We arrived in Mackay and met Valhalla folks again, who came via a different route. Its great to catch up and swap tales. Mackay have the 'Mackay Show' on today, so we visited and had a great time. Its like a mini-Easter show. The rest of Mackay was like a ghost town as we discovered the day was a local public holiday.
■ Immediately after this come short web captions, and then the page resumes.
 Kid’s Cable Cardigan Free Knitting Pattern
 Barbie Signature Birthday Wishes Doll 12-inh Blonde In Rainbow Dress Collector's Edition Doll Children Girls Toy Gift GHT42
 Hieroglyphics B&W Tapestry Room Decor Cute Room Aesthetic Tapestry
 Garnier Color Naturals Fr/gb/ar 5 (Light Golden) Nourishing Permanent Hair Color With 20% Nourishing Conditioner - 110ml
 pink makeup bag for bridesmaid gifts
One of the best parts of this trip is that Andamon has not needed any work to be done. We've been expecting a few things to wrong, this being its 'shakedown' cruise, but, apart from a seized winch which shouldn't be a problem to fix once we get to Airlie, and a dodgy toilet because yours truly stupidly expected it to flush away 'Wetone', nothing has gone wrong. The toilet seems to have finally sorted itself out and is now working fine. There are no leaks, the engine uses no oil, the electrics are fine and the rigging just sits there making no noises apart from the occasional 'groan' which translates into the hull via the lee cap shoud and we haven't quite worked out how to eliminate it.
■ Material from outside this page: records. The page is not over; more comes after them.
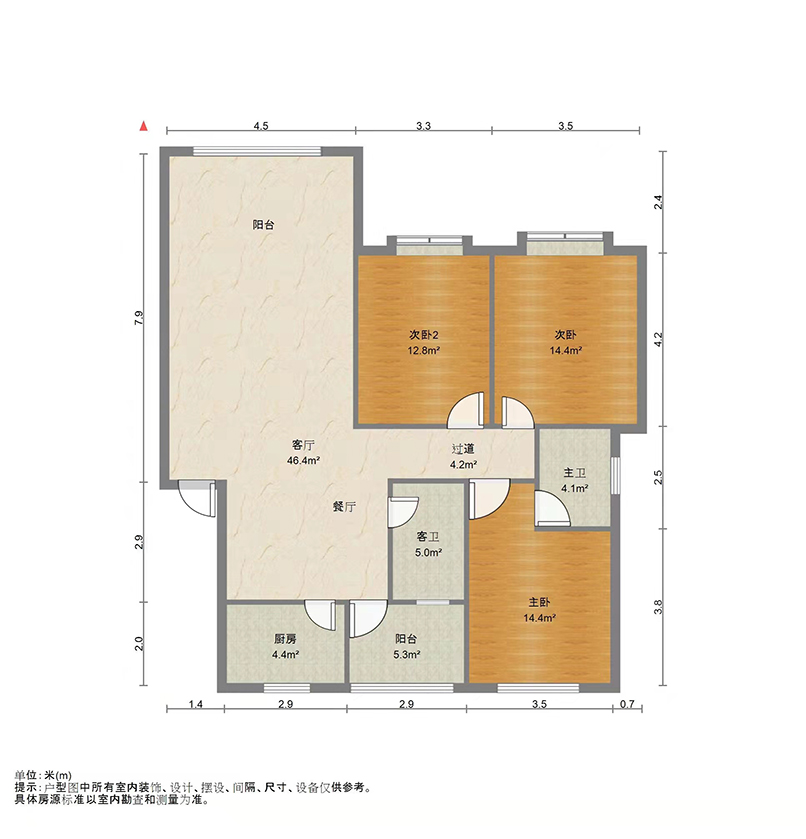 滨江花园  3室2厅2卫   52.00万室内图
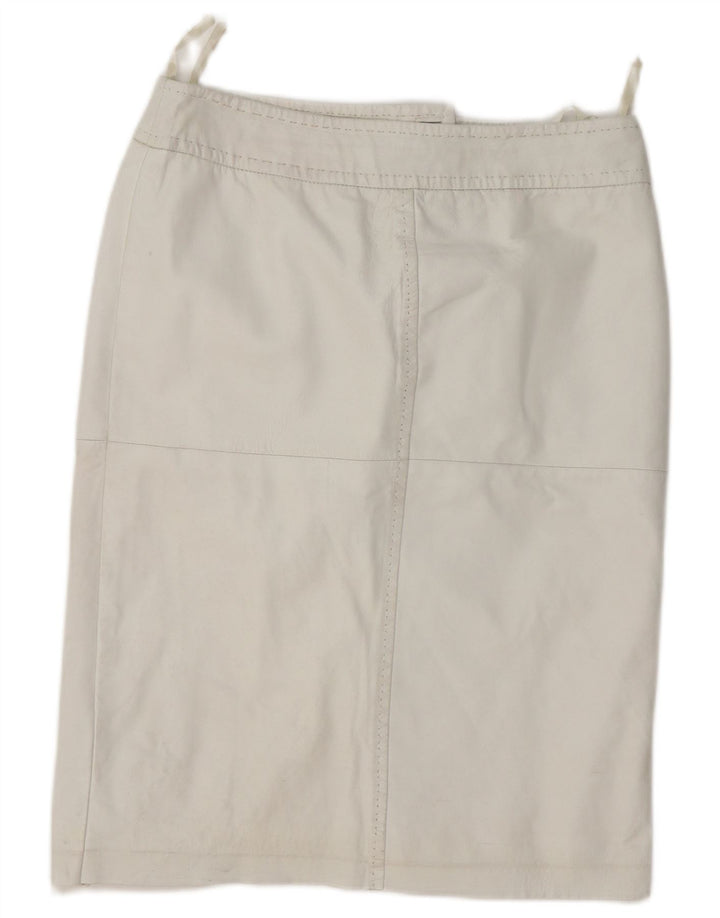 Madeleine Damen Lederrock Medium W30 Weiß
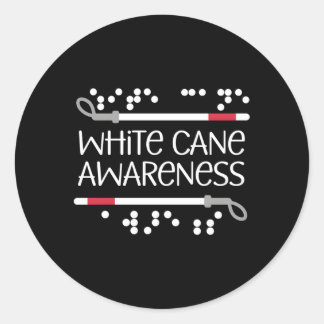 Visual Braille White Cane Awareness Blind Low Visi Classic Round Sticker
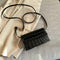 Women Crocodile Leather Shoulder Bag Solid Small Messenger Handbag (Black) A#S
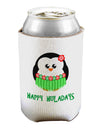 Happy Huladays Christmas Penguin - Red and Green Can / Bottle Insulator Coolers-Can Coolie-TooLoud-1 Piece-Davson Sales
Tomorrow we commence on our final leg of the journey - a short hop to Airlie via Goldsmith, Lindaman and Hamilton Islands. We are now in a hurry, but because we will be coming back here over the next 5 years we will have plenty of time to explore these places in more detail then.

Middle Percy Island to Curlew Island

16 June 2008 | Curlew Island
Warm - tropical - great wind
Two water nymphs frolicking in the crystal clear waters of Percy Islands. Andamon is behind.

Just when you think the tropics is a myth, the weather turns warm, so warm in fact we had our first swim at Middle Percy. Thats Howie and me (Howie's the bald one).

We tried to walk around the Island but it is closed off as much of it is privately leased. We found a plaque on rock commemorating Mathew Flinders who was here in 1802, and visited the A-frame shrine, took lots of photos and had a beautiful sail to the next port of call Curlew Island. These islands can be seen all over the horizon and are grouped, e.g. the Duke group, the Beverly group, etc. Middle Percy is one of 3 called 'the Percies'. The interesting thing is that because there are no resorts anywhere they are unknown. Despite being quite large, they aren't as picturesque as the Whitsundays and many are bald, rocky and barren. However they all have sandy beaches and each has their own personality.

We did finally catch 2 fish at Middle Percy, both whiting which we ate that niight. However, we failed to get a photo of the fish being caught, and then forgot to take a photo of these fish on the dining table!. No record at all, but it did happen.

Cape Townshend to Middle Percy Island

15 June 2008 | Middle Percy Island
Cool / grey skies
Howard holds fish down while Lyn, in a most disconcerting way, vigirously decapitates it.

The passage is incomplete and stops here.